Using this strategy, the researchers achieved multiple breakthroughs across different material systems. A gradient ceramic mimicking the "hard outside, tough inside" structure of seashells simultaneously enhances strength, energy absorption, and fracture toughness. A bone-inspired 3D interpenetrating-phase composite for implants provides both mechanical support and bioactive functions promoting bone regeneration. A multiscale-structured cast high-entropy alloy achieves an unprecedented combination of ultrahigh strength (>1,600 MPa) and high plasticity (~11%).

The strategy has also been extended to practical engineering materials. Tungsten-copper composites for high-voltage electrical contacts exceed existing strength limits from room to elevated temperatures, while 3D-printed aluminum alloys with nanoscale crystalline-amorphous network composite structures demonstrate exceptional thermal stability and high-temperature specific strength surpassing titanium alloys.

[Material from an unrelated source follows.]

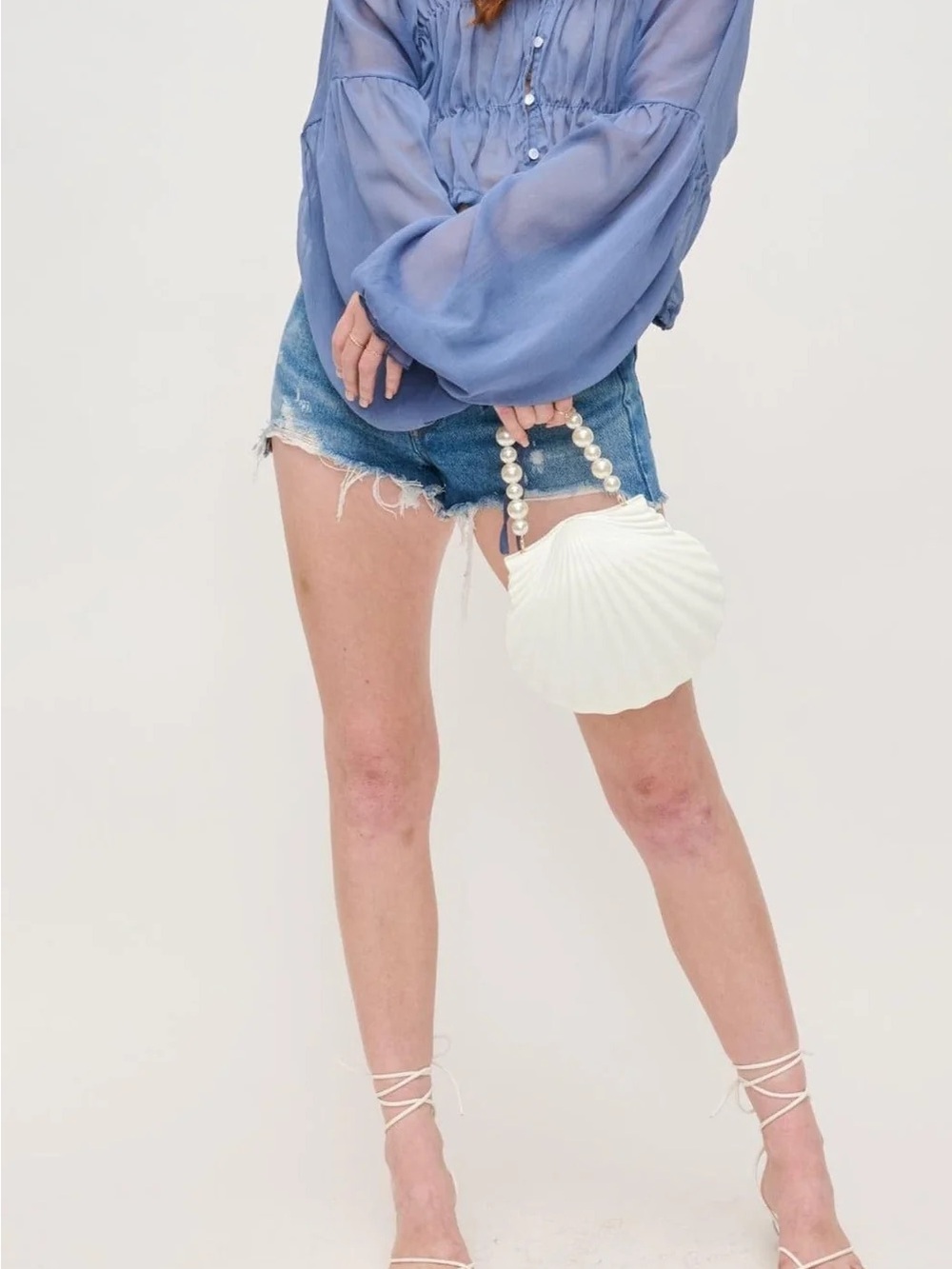 Shell-Shaped Pearl Handle Mini Bag in White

Taken together, the results establish a new paradigm for simultaneously optimizing strength and toughness while integrating structural and functional properties in metallic materials, offering innovative solutions for reliable performance under extreme service conditions.

The findings were published in multiple journals including Progress in Materials Science, Advanced Materials, Materials Today, Advanced Functional Materials, Scripta Materialia and Interdisciplinary Materials.